Is COVID-19 creating a new local entrepreneurial class?

Soon, an article we plan to publish in the Stabroek Business is an insightful exploration of the experiences of a handful of ‘new entrepreneurs’ who have sought to pursue either preferred ways of earning a living given the impact of the COVID-19 pandemic on the the conventional labor market, or alternatively, has decided to embark on new business trips, presumably to supplement their existing income or alternatively, simply ‘for the benefit’ of undertaking a new adventure.

Outside of those we have had limited interviews with, many more are either entrepreneurial, or otherwise, in the process of exploring investment avenues that may appeal to them.

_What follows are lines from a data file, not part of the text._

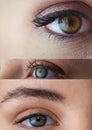 Various eyes in series of three Royalty Free Stock Photo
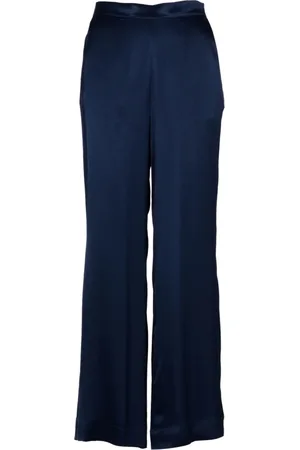 SEMICOUTURE Bukser, Dame, Blå, XS, Uld, Wide Bukser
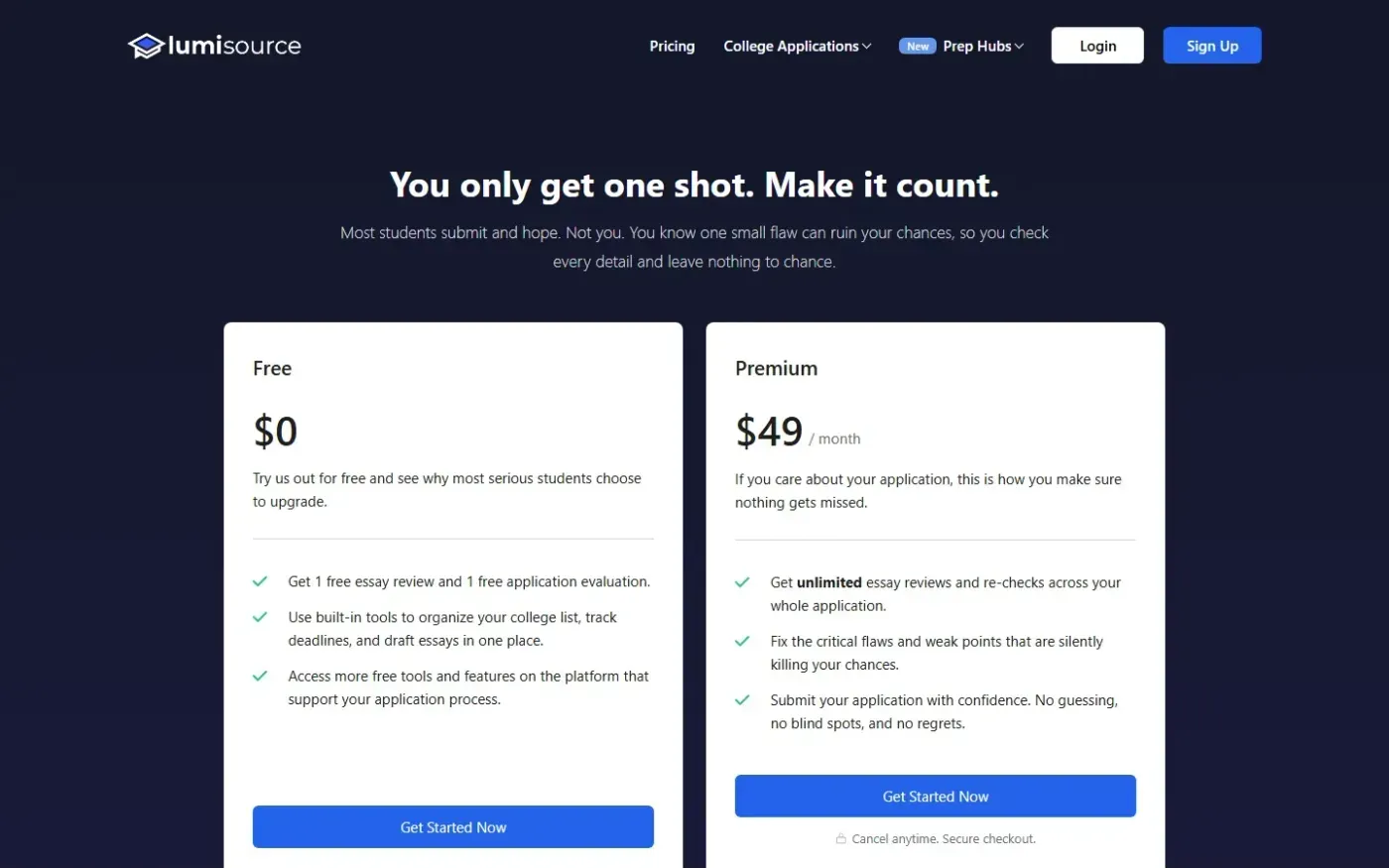 LumiSource — Your edge for getting into your dream college. — Pricing page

The first thing that should be said about these initiatives is that it took a complete transformation of our national circumstances for our new investors to ‘venture’; and while there is no exact place where the pandemic will take us, in the final analysis, it can be nothing but a positive development from which some measure of initiative and ingenuity has sprung from our circumstances.

Historically, it had been a kind of national understanding that Guyana had been favored with a limited business class and that the rest of us were content with being employees. That theory was, of course, always questionable, bearing in mind that small numbers of individuals and families who were not particularly well-placed had managed to break through the barrier and establish themselves in various entrepreneurial activities.

If no one seems to be quite sure about those factors that appear, over time, to have widened the national talent for entrepreneurship, what has been striking is the level of thought that has gone into choosing the investment niches that our new entrepreneurs have chosen.

This newspaper fondly remembers the establishment of the School of Entrepreneurship and Business Innovation (SEBI) at the University of Guyana. SEBI’s core mission, the University had informed, was to “educate and develop entrepreneurial and innovative leaders and managers with the skills, competencies, aptitude and habits of mind to contribute to the social vitality and economic development of the nation and the global community. . But his ambitions went beyond that. AS had made it clear that there is room in SEBI for a category of businessmen and women who we have tended to describe as hustlers, but who, having survived the rigors of what can often be a difficult environment , nonsensical of what, sometimes, pure, unspoiled ‘flat foot busy’ has ‘come through’. What SEBI said it was trying to do was apply a measure of entrepreneurial orthodoxy to the natural acumen of those ‘hustlers’, and while the jury may still be out on the outcome of SEBI’s ‘experiment’, the reality is the reality is, no doubt, a quantum shift in the national attitude to entrepreneurship. Necessity, it is often said, is the mother of invention and while it would churn, to say the least, for such discourse to lead to the assertion that COVID-19 is some kind of necessary evil, it would be foolish to deny the reality that the unhealthy after-effects of the pandemic have, in some cases, brought out the best in those who have been pushed into entrepreneurship through circumstances.

The question is, of course, where do we go from here? Are we likely to witness a retreat like you did when we finally killed a COVID-19 beast. Or will we take the current desire for entrepreneurship as far as it can go, building on what we have and creating a transformed entrepreneurial landscape.